Now that AbuseFilter knows out filter group & all of the variables that can be used in the filters, we're almost there!

// $vars is the object we've been creating in the code above
// $title is still the \Title object referencing the wiki page we're testing for
// 'newsletter' is the group whose filters we'll want to test
// AbuseFilter will execute all of these filters and return a \Status object
$status = \AbuseFilter::filterAction( $vars, $title, 'newsletter' );

// now the \Status object can be used to check if AbuseFilter found violations in the content:
$status->isOK();

// or get the error message
$status->getMessage();

// ...
`

Good luck!

@matthiasmullie Thanks a ton! Couldn't have explained it any better :)
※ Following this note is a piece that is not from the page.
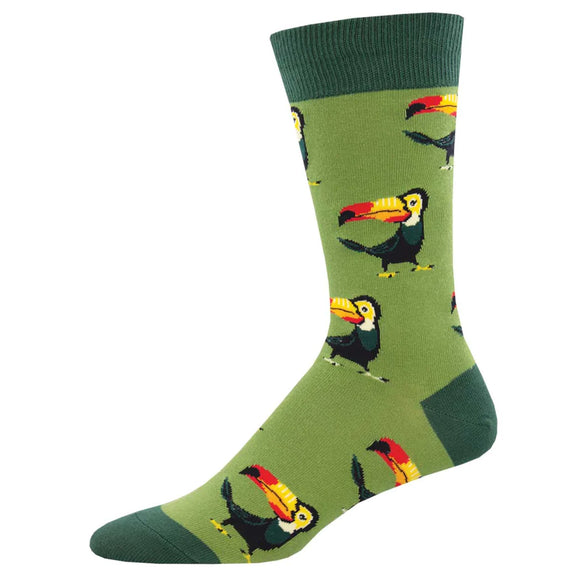 Men's Tropical Toucan Socks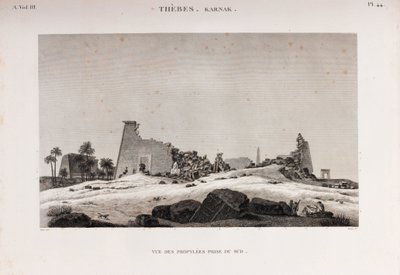 Tebe: Karnak da Unbekannt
Change 293625 had a related patch set uploaded (by Tinaj1234):
[Draft] Add AbuseFilter to Extension:Newsletter

https://gerrit.wikimedia.org/r/293625

Qgil added a comment.Dec 28 2016, 10:47 AM

Could someone post an update about the situation of this task? I could not tell by reading the comments in the patch. I am not even sure about how the whole ContentHandler move affects this task.
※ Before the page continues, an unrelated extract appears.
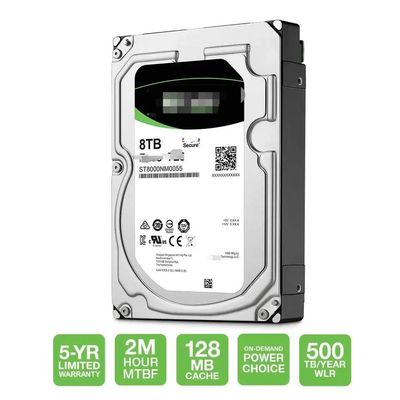 Customized high quality New 8TB Hard Drive SATA 6Gb/s 3.5" HDD ST8000NM0055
In theory content handler should make abuse filter integration autoamtic. We should test to see if that actually works properly

In theory content handler should make abuse filter integration autoamtic. We should test to see if that actually works properly

Looks like that is wrong... Abusefilter didn't actually work.

It looks like abusefilter stops the edit, but not the custom newsletter table edits

Sorry for the offtopic but does Newsletter have CheckUser integration? If not, it must have it.

Change 371743 had a related patch set uploaded (by Brian Wolff; owner: Brian Wolff):
[mediawiki/extensions/Newsletter@master] Fix error handling and abuse filter integration during edit

https://gerrit.wikimedia.org/r/371743

Sorry for the offtopic but does Newsletter have CheckUser integration? If not, it must have it.

Yep check user is fine (One of the benefits of content handler is that happens automatically)

Change 371743 had a related patch set uploaded (by Brian Wolff; owner: Brian Wolff):
[mediawiki/extensions/Newsletter@master] Fix error handling and abuse filter integration during edit
https://gerrit.wikimedia.org/r/371743

It should be emphasized that this patch only covers editing an existing newsletter case. I have not tested the create a newsletter case, and the code path diverges so its reasonable to assume abuse filter may not work correctly there (It might block the edit, but not stop newsletter db entries, and not show an error)